Myth-Busters: This week I traveled to Fort Worth and provided a policy update to the Greater Southwest Region’s 2012 Alliance for Quality Business Solutions Training Conference and Partnership Meeting. Next week I am off to St. Louis for the Heartland Region’s Facilities Maintenance and Hardware Center Industry Event entitled “The Innovation Locomotion.” GSA is to be applauded for working with industry in putting on these “Myth-Busters” events. To its credit, GSA, through these events, gives its contractors with wonderful training and communication opportunity. It is vital that contractors take advantage: Attend and actively participate!

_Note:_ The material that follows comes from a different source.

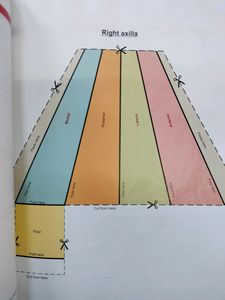 BD Chaurasia Anatomy Volume 1 And 2  Textbook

Through meeting like these two regional events, both government and contractor personnel have an invaluable opportunity to meet and share information regarding the key challenges, issues and successes surrounding the $40 billion GSA Multiple Award Schedule (MAS) program.
As a result of these meetings, GSA gains a better understanding of how its policies, procedures and operations are impacting customer agencies and contractors. It is an opportunity to share information about what is working as well as areas where things can be improved. Contractors attending the meetings can gain a better understanding of GSA’s key initiatives as well as current trends in customer agency engagement with GSA. Better understanding and engagement between GSA and contractor ultimately leads to better outcomes for GSA, customer agencies, contractors and the taxpayer! Finally, I would thank Shaloy Castle-Higgins from the Southwest Region and Debbie Harms from the Heartland Region for including the Coalition in these events.
Price Reduction Clause: Thank you to all those who have provided information regarding the operational and administrative contract costs associated with the Price Reduction Clause (PRC)! We will be incorporating this information into our submission responding to the December 29th Federal Register notice requesting comments on the paperwork burden associated with the PRC. The Coalition again urges the public to also submit comments directly to GSA regarding the burdens associated with the clause. The due date for comments is Monday, February 27th. A copy of the Federal Register notice can be found here.
End-User License Agreements: The Coalition continues to support a solution based on a general conflicts of law provision that would be included in the MAS contracts. This approach would acknowledge what has always been true, that in the case of a conflict between a commercial license term and a federal law, the federal law controls. A conflicts of law clause or order of precedence clause in the MAS IT contracts would ensure the Government’s legal interests are protected while providing contractors with an opportunity to efficiently and effectively add new software products to their MAS IT contracts.
It would also reduce workload for both GSA and contractors. Inserting a conflicts clause to the IT schedule, contractors could acknowledge and accept the new clause terms thereby eliminating the need for legal reviews of each and every individual license agreement. Currently there are literally hundreds of licenses that are being reviewed or yet to be reviewed by GSA before various software products could be added to MAS contracts. As a result, IT schedule contracts are limited in providing the latest technology and competition for software solutions. In contrast, a conflicts of law clause would help ensure that the MAS IT schedule continues to efficiently and effectively support greater customer agency value through competition for the latest technology consistent with federal laws. This is a great “Myth-Busters” opportunity for GSA and its contractors to work together to solve this issue!